[Short text fragments from websites]
*-*-*
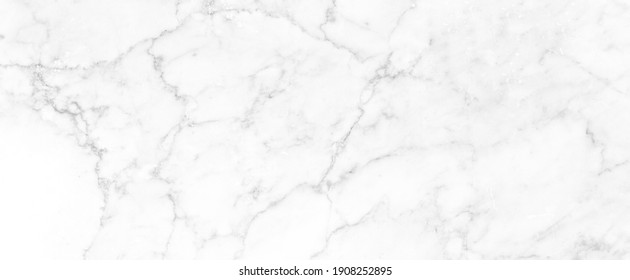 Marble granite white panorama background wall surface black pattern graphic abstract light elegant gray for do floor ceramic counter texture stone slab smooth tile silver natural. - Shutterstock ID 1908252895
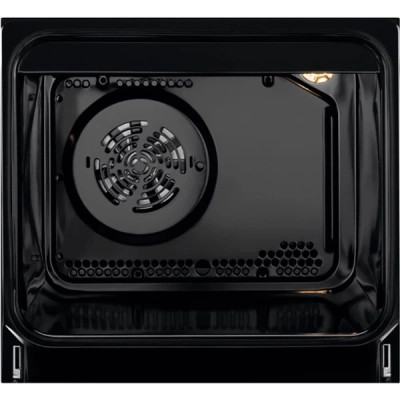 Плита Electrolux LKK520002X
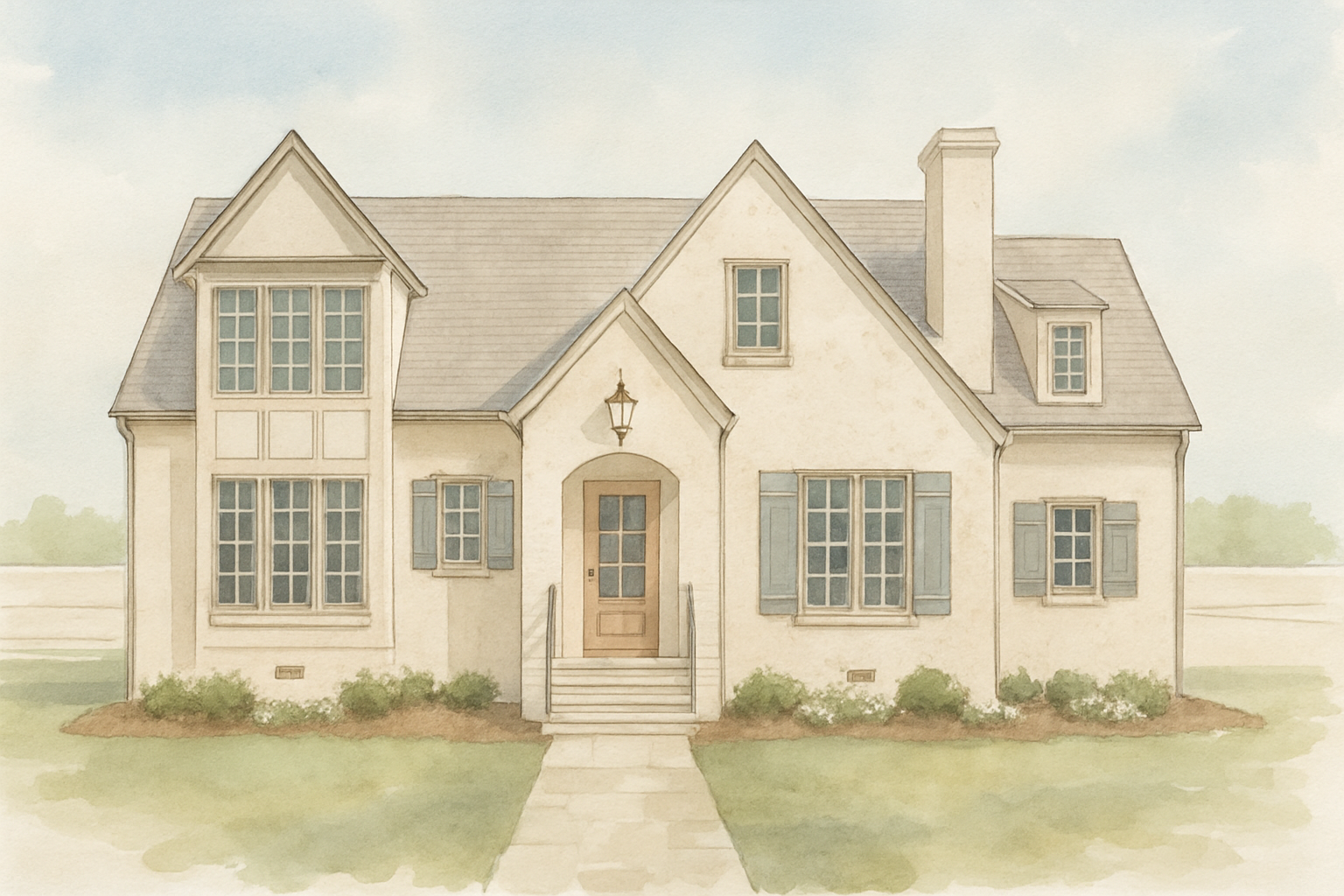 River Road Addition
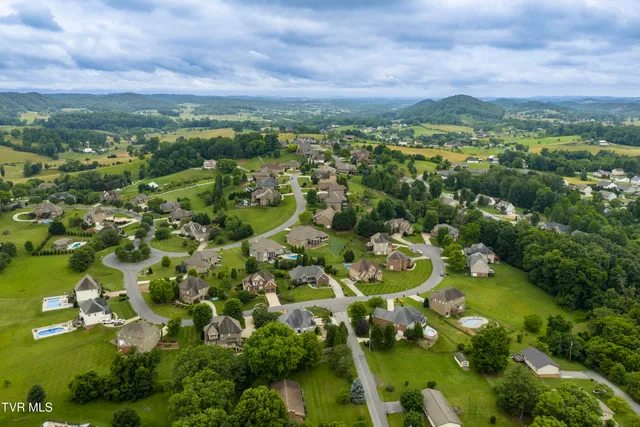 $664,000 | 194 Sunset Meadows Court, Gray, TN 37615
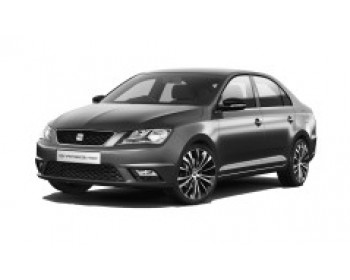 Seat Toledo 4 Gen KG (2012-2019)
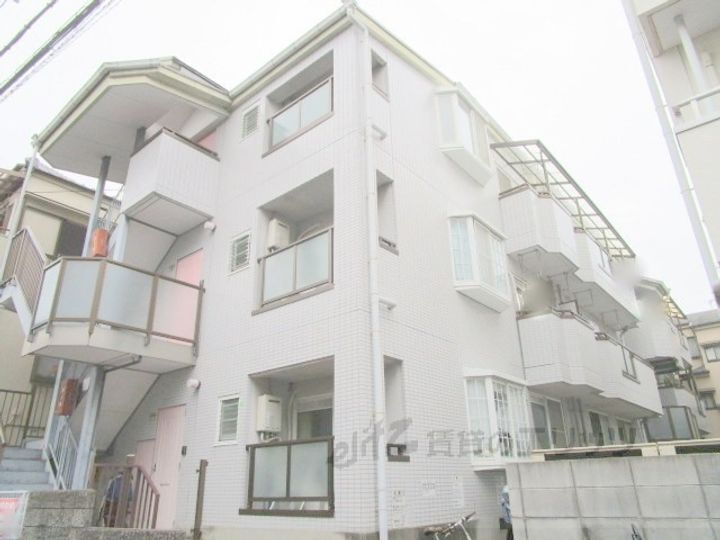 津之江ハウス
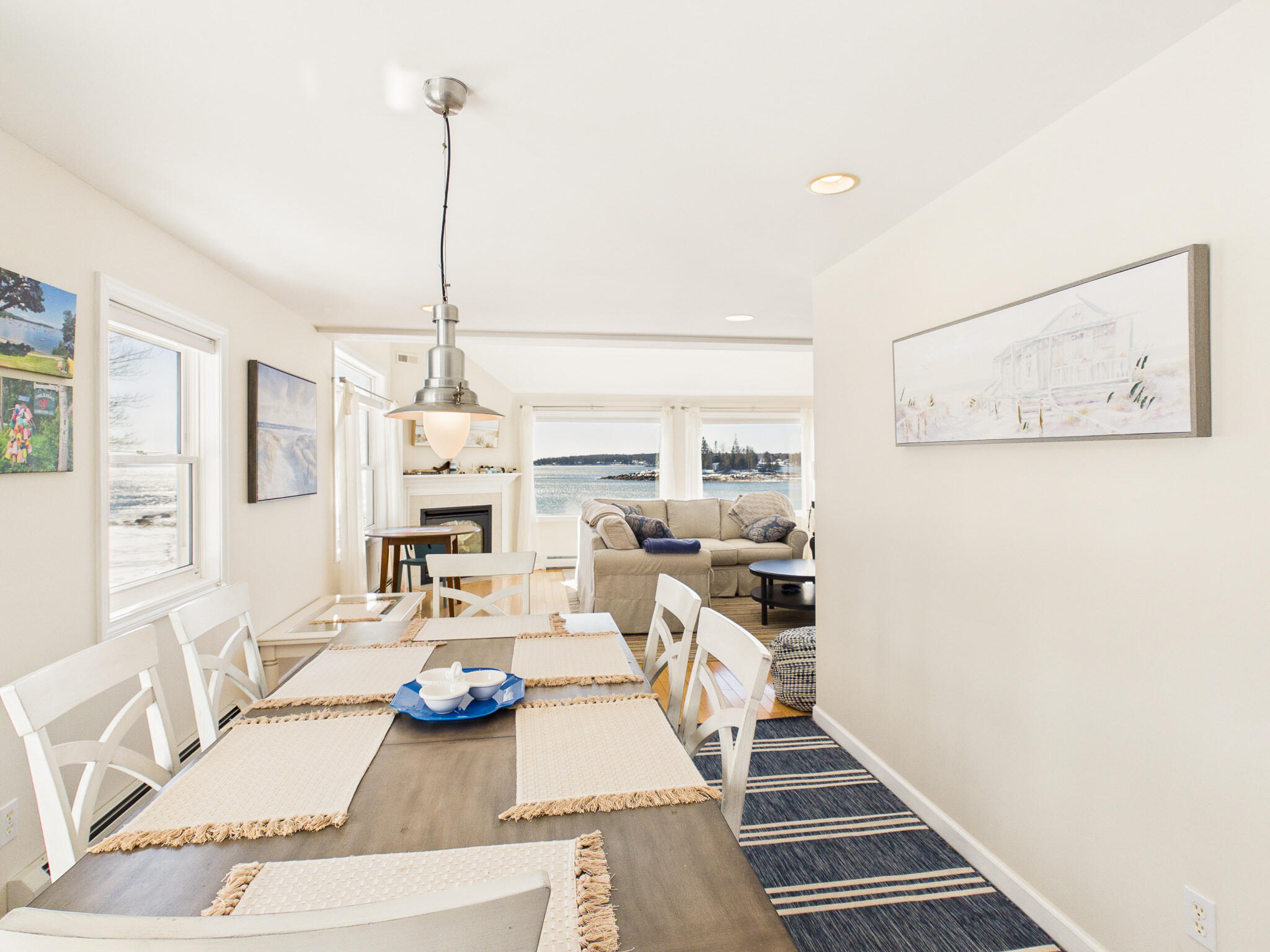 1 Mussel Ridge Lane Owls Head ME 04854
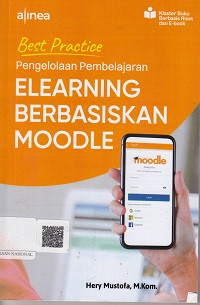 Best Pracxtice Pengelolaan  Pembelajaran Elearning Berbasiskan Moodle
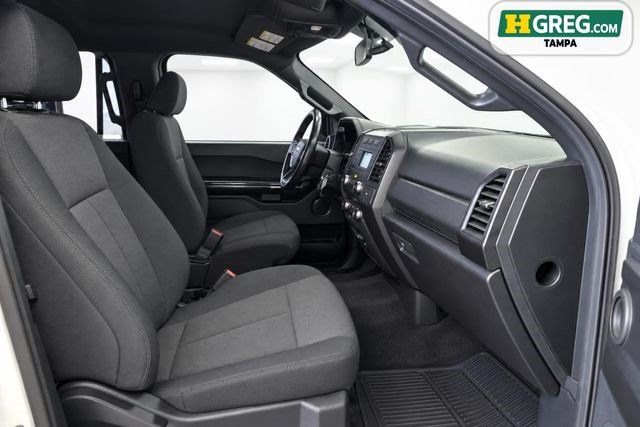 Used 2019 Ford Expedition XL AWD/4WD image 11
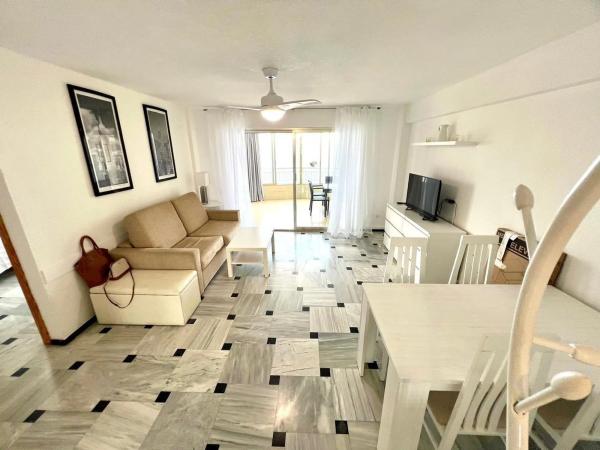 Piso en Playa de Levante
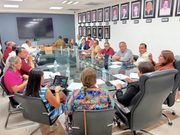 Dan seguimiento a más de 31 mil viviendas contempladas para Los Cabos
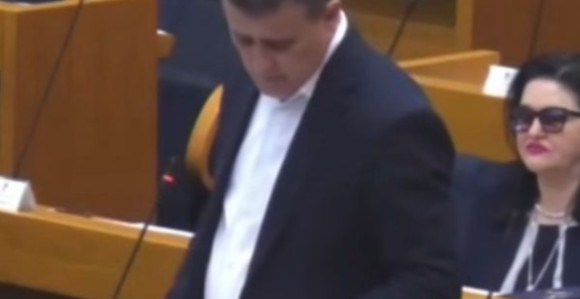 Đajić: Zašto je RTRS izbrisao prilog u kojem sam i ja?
*-*-*
Above are some records. Output exactly the lines from the one that contains "Плита Electrolux LKK520002X" to the one that contains "Piso en Playa de Levante", keeping both, and omit the pictures.

 Плита Electrolux LKK520002X
 River Road Addition
 $664,000 | 194 Sunset Meadows Court, Gray, TN 37615
 Seat Toledo 4 Gen KG (2012-2019)
 津之江ハウス
 1 Mussel Ridge Lane Owls Head ME 04854
 Best Pracxtice Pengelolaan  Pembelajaran Elearning Berbasiskan Moodle
 Used 2019 Ford Expedition XL AWD/4WD image 11
 Piso en Playa de Levante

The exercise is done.